Task prompt - Please, from the entries below, transcribe exactly the lines that begin at the line with "D13B, ������ ����� 1297 ����" and end at the line with "29 Ebden Street, Kyneton VIC 3444", without the pictures.

Entries provided -
◆ ◆ ◆ ◆
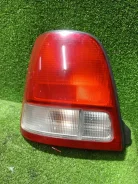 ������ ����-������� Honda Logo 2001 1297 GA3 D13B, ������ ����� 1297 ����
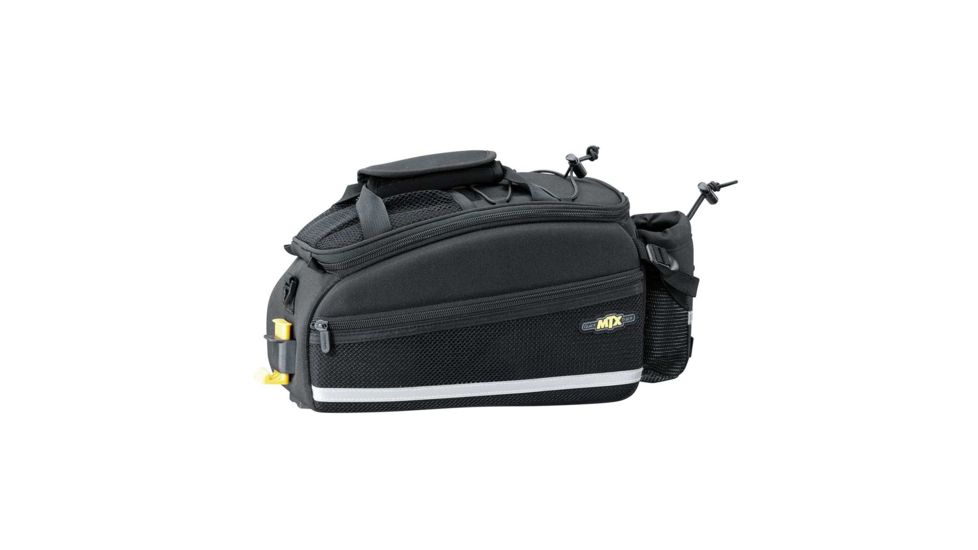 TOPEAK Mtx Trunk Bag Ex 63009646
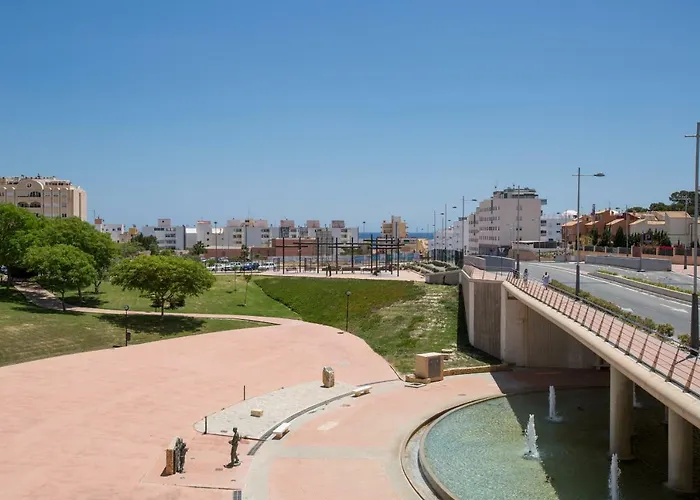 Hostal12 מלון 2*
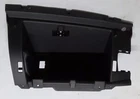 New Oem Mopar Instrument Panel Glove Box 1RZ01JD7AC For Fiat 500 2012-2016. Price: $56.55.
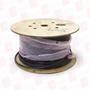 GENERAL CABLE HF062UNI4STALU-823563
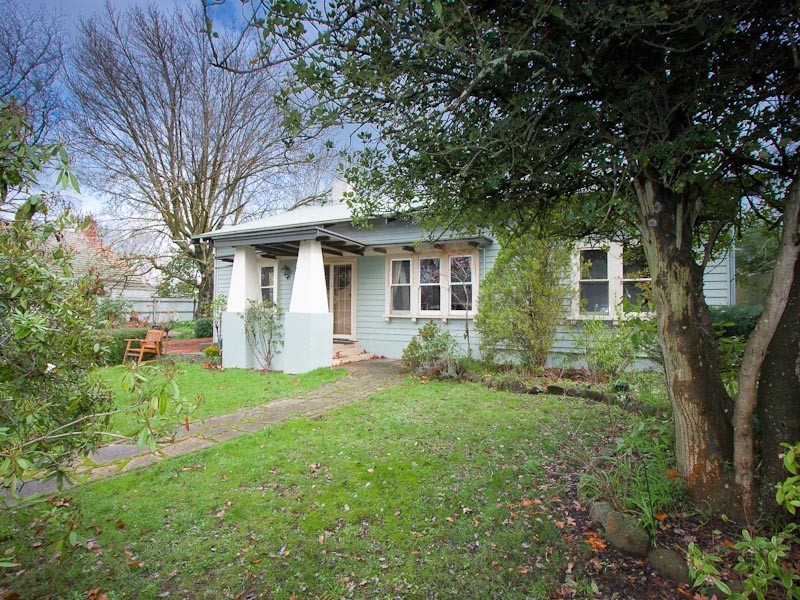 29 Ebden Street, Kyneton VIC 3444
◆ ◆ ◆ ◆
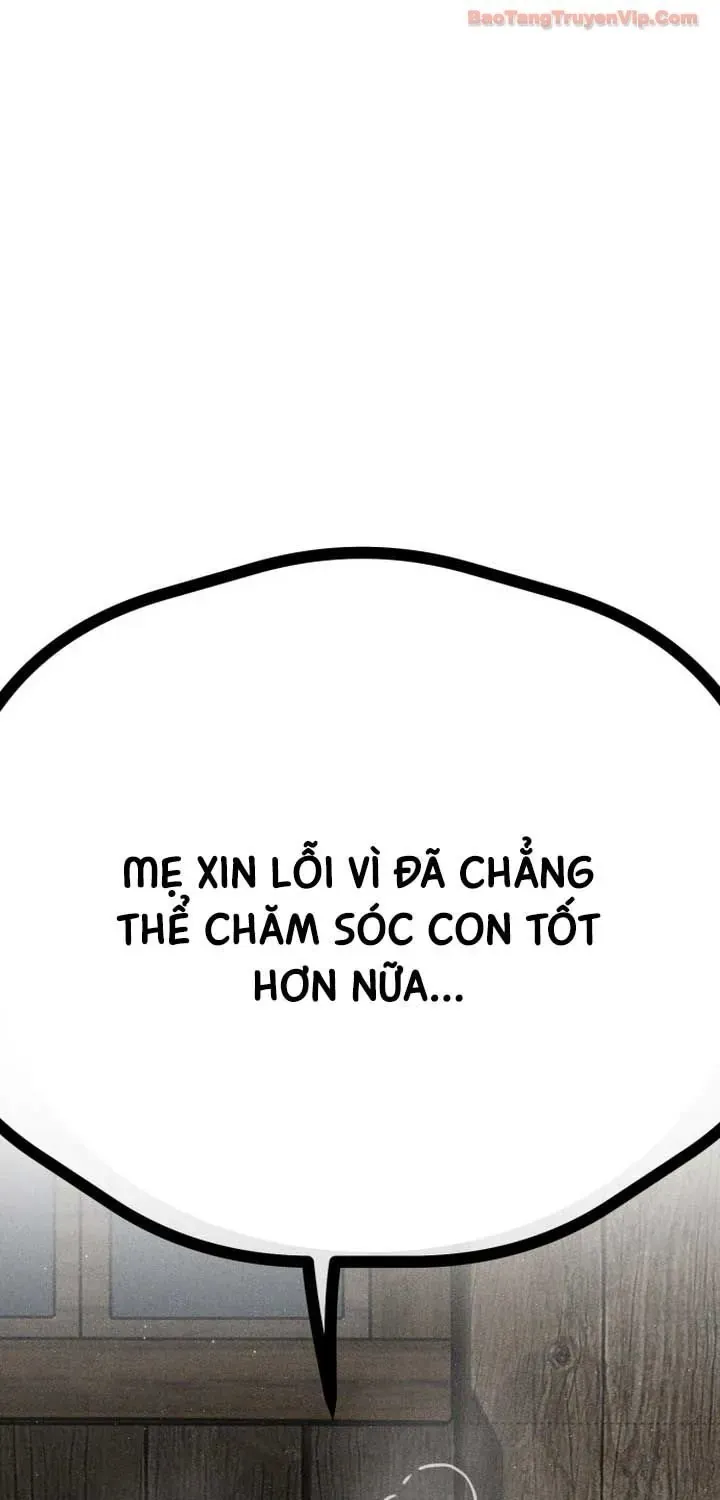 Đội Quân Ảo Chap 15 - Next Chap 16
◆ ◆ ◆ ◆
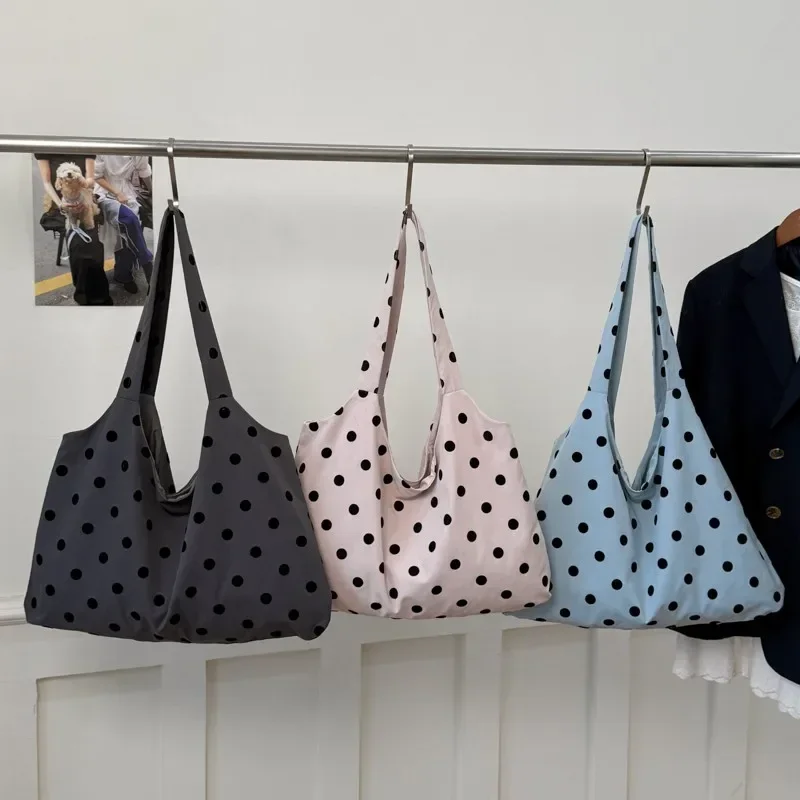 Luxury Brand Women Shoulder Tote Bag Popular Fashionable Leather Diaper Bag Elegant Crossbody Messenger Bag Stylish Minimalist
◆ ◆ ◆ ◆
Written solution -
 ������ ����-������� Honda Logo 2001 1297 GA3 D13B, ������ ����� 1297 ����
 TOPEAK Mtx Trunk Bag Ex 63009646
 Hostal12 מלון 2*
 New Oem Mopar Instrument Panel Glove Box 1RZ01JD7AC For Fiat 500 2012-2016. Price: $56.55.
 GENERAL CABLE HF062UNI4STALU-823563
 29 Ebden Street, Kyneton VIC 3444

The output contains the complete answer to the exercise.